Ja gibt es. Die Dinger nenen sich OR-Mapper (objekt-relational), kurz ORM. Bekannte Vertreter sind Hibernate, Castor JDO, Cayenne, ...

Google: java orm


----------



## SebiB90 (28. Feb 2007)

Danke  
hab Hibernate mal angeguckt und das sieht schonmal gut aus.
kennt ihr vllt. ein Tutorial dazu auf deutsch? Wenn nicht, muss ich mich wohl oder übel durch die Englische Doku durchschlagen.
Und Hibernate ist ja nur nen wrapper oder? Also ich brauch noch ne normale Datenbank. Hab bisher nur mit MySQL zu tun gehabt und nen Server will ich nicht immer am laufen haben. Hab bei "Java ist auch eine Insel" von HSQLDB  gelesen.

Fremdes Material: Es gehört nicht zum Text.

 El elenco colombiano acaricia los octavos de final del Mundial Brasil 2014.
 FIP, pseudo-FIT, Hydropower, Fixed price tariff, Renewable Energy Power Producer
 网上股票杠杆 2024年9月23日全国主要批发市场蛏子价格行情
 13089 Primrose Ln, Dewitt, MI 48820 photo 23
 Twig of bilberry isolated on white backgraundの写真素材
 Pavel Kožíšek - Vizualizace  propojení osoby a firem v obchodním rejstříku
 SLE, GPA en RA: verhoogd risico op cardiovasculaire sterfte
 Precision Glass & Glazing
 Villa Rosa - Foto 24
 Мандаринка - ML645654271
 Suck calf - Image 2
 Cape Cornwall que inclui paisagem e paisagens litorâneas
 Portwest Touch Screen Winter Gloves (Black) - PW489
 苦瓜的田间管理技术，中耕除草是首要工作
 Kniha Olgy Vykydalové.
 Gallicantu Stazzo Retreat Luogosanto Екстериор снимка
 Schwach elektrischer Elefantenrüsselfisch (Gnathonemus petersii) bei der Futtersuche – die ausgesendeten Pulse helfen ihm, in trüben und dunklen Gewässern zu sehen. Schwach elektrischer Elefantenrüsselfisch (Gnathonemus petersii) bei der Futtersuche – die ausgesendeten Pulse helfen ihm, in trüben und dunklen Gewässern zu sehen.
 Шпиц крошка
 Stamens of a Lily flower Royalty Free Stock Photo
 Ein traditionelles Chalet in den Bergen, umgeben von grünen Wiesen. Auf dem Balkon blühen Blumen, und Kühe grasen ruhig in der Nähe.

Kann man die DB benutzen ohne das ein Server im Hintergrund laufen muss?


----------



## L-ectron-X (28. Feb 2007)

SebiB90 hat gesagt.:
			
		

> Kann man die DB benutzen ohne das ein Server im Hintergrund laufen muss?


http://hsqldb.org/doc/guide/ch01.html#N1013D bei Server Modes


----------



## SebiB90 (4. Mrz 2007)

ich hab jetzt mal das Beispiel aus der Hibernate Documentation nachprogrammiert.
da ist das beispiel aber mit nem server. ich wollte dann das es in einer datei gespeichert wird, also hab ich dann einfach in der hibernate cfg "<property name="connection.url">jdbc:hsqldb:file:data/Datenbank</property>" geschrieben. das funktioniert auch, aber nur solange hbm2ddl.auto aktiviert ist. aber dadurch gehen ja auch immer die daten verloren.
also ich lass es einmal mit hbm2ddl.auto create durchlaufen, danach kommentier ich es aus und dann sagt er mir die datenbank sei nicht vorhanden. woher kommt das? wieso wird das nicht gespeichert?


----------



## SebiB90 (5. Mrz 2007)

hat keiner eine idee, wieso das so ist?


----------